Contrariamente ad Amazon la nuova piattaforma di Giglio va a cercare i clienti

Settembre 2019. Nuove piattaforme on line si affacciano in un mercato, quello dell’on line, che rasenta l’oligopolio. Il Gruppo Giglio, quotato alla Borsa di Milano, dopo aver presidiato il canale dell’on line di moda e design ha deciso di entrare anche nel food.

Operazione complessa come sa bene la business comunity, ma ha già raggiunto le prime decisive adesioni.

Qual è la differenza fra Giglio e Amazon (e similari)?:

. le aziende aderenti alla piattaforma di Giglio giocano un ruolo attivo, cioè non aspettano che il cliente entri nella piattaforma, come fanno Amazon e Alibaba, ma li va a cercare, in Nord America o in Cina o altrove,

. hanno 4 hub logistici (Nord Europa, Usa-New Jersey, Hong Kong, Shenzen (Cina), che provvedono al controllo del fresco e alla eventuale rietichettatura dei prodotti in loco.

. fanno progetti personalizzati per le aziende aderenti a seconda dei prodotti che vogliono segnalare e vendere e della rete logistica che intendono usare,

. di fatto Giglio cerca un rapporto di partnership, non di mera clientela,

. il fee da pagare a Giglio è una % sul transato.

Hanno aderito alla nuova piattaforma: Riso Scotti, Fratelli Carli, Generale Conserve, Everton e Bosca, Cameo, Fabbri, Grandi Salumifici italiani

Ecco alcuni dei servizi offerti:

. Creazione dei siti e-commerce e gestione totale di tutta l’attività: dal marketing ai social media, dal customer care alla logistica, ai pagamenti

. Posizionamento dei prodotti dei brand nelle “vetrine” dei principali marketplace del mondo (per prodotti sia on che off season)

. Sviluppo di progetti avanzati di “omnicanalità” per integrare i punti di vendita fisici con i negozi virtuali .

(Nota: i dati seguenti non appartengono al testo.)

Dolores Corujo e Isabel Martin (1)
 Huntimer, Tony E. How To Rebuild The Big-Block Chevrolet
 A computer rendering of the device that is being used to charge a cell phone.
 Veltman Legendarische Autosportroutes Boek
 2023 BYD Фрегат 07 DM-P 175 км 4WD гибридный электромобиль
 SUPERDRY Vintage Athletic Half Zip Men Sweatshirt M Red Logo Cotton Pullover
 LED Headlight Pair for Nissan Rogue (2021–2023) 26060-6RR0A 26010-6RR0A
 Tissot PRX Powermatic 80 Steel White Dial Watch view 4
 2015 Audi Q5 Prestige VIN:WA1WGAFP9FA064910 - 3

Quotata al segmento STAR di Borsa Italiana dal 20 marzo 2018, Giglio Group fa capo per la maggioranza al socio fondatore Alessandro Giglio, che detiene attraverso Meridiana Holding il 55,67% del capitale, mentre il 34,42% è collocato sul mercato e il 9,91% fa capo a NTT Docomo.

Luigi Rubinelli

Giornalista e esperto di retail e di consumi, laureato in Lettere. È il direttore responsabile di RetailWatch.it. E’ stato fino a maggio del 2011 Direttore responsabile del mensile Mark-up che ha contribuito a fondare nel 1994. È ...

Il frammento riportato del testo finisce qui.